Sin embargo, Fidelma ya iba espoleando su caballo colina abajo.
Cass le pegó un grito, pero, al entender que no se iba a detener, aunque corriera algún peligro con los atacantes, desenvainó su espada y espoleó su caballo para ir tras ella.
Fidelma galopó colina abajo, atravesó el vado a gran velocidad y detuvo su carrera frente a las construcciones.
Se descolgó de la silla de montar y, levantando una mano para protegerse de la violencia del calor, avanzó corriendo en dirección a los edificios que estaban en llamas.
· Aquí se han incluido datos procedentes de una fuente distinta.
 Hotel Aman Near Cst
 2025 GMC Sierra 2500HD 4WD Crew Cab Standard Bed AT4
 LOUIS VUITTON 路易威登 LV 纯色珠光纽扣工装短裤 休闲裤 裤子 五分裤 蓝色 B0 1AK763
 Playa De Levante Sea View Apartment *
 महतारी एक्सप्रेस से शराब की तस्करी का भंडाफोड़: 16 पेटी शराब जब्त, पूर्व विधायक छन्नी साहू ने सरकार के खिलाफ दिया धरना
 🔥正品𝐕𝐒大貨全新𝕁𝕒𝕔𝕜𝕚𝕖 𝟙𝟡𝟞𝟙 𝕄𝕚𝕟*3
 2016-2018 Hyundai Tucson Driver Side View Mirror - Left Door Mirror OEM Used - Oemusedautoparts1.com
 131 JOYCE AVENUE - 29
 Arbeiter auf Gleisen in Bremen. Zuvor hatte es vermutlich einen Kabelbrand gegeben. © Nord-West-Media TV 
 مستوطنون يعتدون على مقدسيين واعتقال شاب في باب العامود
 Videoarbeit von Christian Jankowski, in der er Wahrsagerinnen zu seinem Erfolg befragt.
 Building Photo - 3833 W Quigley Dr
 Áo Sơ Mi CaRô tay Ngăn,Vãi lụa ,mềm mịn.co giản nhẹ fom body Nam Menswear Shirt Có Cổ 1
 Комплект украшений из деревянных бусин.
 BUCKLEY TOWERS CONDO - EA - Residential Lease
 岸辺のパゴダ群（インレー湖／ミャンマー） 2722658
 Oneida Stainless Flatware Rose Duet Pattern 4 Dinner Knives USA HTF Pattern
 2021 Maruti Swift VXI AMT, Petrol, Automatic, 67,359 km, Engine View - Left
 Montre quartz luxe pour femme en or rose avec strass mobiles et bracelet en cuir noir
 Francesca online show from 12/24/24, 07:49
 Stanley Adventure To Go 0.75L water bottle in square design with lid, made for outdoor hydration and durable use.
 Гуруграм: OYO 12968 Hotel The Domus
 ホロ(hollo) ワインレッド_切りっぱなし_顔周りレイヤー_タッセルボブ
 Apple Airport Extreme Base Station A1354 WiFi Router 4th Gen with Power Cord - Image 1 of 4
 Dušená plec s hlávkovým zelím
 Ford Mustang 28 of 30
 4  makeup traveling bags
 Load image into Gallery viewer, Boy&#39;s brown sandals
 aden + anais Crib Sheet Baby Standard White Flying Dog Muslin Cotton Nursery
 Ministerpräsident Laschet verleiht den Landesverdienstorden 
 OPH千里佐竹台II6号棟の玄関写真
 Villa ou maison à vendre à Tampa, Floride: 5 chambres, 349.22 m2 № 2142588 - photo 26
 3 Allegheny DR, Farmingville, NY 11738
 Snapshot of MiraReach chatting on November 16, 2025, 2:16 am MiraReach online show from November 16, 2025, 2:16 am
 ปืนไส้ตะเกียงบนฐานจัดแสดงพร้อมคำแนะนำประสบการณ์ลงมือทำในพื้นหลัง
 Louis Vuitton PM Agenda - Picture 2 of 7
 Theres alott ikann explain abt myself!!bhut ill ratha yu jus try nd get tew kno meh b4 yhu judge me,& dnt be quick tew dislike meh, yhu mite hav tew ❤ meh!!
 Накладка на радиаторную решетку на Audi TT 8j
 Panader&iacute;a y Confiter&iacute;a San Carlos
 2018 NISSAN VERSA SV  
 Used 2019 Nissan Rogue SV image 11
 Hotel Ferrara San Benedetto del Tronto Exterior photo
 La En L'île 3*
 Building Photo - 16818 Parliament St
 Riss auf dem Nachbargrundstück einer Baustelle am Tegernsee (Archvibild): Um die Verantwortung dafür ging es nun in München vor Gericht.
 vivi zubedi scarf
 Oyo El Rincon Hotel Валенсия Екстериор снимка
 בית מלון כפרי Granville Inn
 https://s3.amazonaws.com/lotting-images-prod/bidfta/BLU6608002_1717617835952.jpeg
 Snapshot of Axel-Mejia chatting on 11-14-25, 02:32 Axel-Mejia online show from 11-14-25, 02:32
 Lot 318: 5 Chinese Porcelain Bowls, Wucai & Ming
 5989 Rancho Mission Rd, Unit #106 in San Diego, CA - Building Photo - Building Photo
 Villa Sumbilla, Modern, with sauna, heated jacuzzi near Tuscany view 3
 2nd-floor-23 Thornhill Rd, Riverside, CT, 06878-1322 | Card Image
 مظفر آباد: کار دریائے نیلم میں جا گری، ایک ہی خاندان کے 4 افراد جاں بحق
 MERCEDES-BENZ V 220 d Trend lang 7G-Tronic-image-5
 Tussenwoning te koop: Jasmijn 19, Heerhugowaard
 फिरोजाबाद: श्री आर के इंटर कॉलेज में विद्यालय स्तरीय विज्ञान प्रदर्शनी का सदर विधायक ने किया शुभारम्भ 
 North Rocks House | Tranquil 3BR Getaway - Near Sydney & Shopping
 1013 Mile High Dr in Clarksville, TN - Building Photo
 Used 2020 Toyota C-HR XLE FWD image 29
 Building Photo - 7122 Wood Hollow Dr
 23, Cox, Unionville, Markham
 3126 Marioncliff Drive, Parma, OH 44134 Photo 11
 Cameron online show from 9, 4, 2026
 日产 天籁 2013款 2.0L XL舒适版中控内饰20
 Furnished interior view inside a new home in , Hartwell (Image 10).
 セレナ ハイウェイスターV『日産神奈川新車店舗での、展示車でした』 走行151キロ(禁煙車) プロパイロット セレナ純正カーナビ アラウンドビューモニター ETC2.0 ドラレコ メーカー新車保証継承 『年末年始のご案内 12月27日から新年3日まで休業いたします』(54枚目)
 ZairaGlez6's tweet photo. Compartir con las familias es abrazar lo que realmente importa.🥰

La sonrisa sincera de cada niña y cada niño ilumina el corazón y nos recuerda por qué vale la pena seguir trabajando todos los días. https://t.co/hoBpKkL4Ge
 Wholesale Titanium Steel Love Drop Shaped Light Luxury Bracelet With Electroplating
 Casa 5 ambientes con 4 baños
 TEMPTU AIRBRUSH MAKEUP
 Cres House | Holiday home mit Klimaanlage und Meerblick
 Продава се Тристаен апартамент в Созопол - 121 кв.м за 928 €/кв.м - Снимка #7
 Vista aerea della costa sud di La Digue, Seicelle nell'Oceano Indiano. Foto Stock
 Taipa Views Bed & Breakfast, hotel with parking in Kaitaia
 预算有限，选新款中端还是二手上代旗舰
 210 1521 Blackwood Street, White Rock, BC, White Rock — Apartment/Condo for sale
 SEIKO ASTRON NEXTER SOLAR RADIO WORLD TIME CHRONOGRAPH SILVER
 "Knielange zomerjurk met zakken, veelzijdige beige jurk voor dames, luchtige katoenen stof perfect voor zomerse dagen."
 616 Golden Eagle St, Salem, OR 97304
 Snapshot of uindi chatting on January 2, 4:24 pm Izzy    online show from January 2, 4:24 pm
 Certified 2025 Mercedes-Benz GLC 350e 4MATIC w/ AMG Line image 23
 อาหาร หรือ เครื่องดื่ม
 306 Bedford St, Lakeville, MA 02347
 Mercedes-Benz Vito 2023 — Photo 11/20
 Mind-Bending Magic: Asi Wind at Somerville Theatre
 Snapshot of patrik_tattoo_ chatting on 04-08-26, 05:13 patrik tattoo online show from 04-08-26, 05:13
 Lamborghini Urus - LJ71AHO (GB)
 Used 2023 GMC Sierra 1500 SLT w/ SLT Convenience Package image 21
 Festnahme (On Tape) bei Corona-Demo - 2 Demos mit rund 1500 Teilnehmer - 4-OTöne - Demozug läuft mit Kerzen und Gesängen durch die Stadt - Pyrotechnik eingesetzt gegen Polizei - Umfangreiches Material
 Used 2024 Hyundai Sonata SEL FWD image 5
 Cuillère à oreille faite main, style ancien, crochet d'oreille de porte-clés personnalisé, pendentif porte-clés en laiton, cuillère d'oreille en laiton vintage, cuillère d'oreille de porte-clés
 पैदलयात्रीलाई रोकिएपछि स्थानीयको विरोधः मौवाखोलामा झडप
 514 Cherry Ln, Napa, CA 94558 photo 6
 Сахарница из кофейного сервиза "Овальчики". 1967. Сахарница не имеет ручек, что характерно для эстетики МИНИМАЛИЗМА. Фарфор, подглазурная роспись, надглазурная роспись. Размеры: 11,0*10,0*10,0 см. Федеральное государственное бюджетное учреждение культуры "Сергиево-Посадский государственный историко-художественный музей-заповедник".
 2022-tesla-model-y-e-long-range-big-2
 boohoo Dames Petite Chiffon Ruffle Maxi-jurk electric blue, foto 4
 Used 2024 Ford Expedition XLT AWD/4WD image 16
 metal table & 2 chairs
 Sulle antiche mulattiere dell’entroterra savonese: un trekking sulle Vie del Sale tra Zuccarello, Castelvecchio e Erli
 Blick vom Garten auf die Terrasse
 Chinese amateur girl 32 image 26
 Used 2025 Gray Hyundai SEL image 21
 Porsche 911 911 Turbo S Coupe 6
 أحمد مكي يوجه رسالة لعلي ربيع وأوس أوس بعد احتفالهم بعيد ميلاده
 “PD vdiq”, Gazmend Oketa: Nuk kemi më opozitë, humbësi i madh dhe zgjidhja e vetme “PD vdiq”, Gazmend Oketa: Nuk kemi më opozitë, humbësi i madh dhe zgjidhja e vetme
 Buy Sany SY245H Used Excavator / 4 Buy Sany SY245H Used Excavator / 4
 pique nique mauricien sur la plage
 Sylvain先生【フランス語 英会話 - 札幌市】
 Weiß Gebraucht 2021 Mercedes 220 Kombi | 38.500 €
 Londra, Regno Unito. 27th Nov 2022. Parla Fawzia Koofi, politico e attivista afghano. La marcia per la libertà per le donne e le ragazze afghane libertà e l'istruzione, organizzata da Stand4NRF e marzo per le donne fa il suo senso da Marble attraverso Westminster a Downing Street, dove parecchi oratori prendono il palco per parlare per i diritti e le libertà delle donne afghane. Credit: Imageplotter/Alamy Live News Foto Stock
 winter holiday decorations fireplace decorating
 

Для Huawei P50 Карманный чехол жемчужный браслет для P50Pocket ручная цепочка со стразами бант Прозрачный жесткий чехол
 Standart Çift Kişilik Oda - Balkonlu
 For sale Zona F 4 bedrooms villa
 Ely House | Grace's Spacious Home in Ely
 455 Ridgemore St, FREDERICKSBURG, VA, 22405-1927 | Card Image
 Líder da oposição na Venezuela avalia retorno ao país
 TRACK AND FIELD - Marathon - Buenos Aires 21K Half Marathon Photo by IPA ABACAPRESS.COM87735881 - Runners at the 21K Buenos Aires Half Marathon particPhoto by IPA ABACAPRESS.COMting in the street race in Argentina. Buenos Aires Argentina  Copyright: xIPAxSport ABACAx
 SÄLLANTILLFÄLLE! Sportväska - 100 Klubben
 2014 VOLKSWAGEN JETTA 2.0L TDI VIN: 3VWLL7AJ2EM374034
Los primeros cuerpos que vio, esparcidos en la entrada, fueron los de Aíbnat y Molua. Una flecha había atravesado el pecho de Aíbnat y Molua tenía la cabeza casi partida por un corte de espada. Desde luego ya no necesitaban ayuda.
Vio el primer cuerpo de un niño cerca y un grito la ahogó. Se dio cuenta de que Cass había cabalgado colina abajo y desmontaba tras ella. Todavía llevaba la espada desenvainada en la mano y miraba a su alrededor impasible pero horrorizado.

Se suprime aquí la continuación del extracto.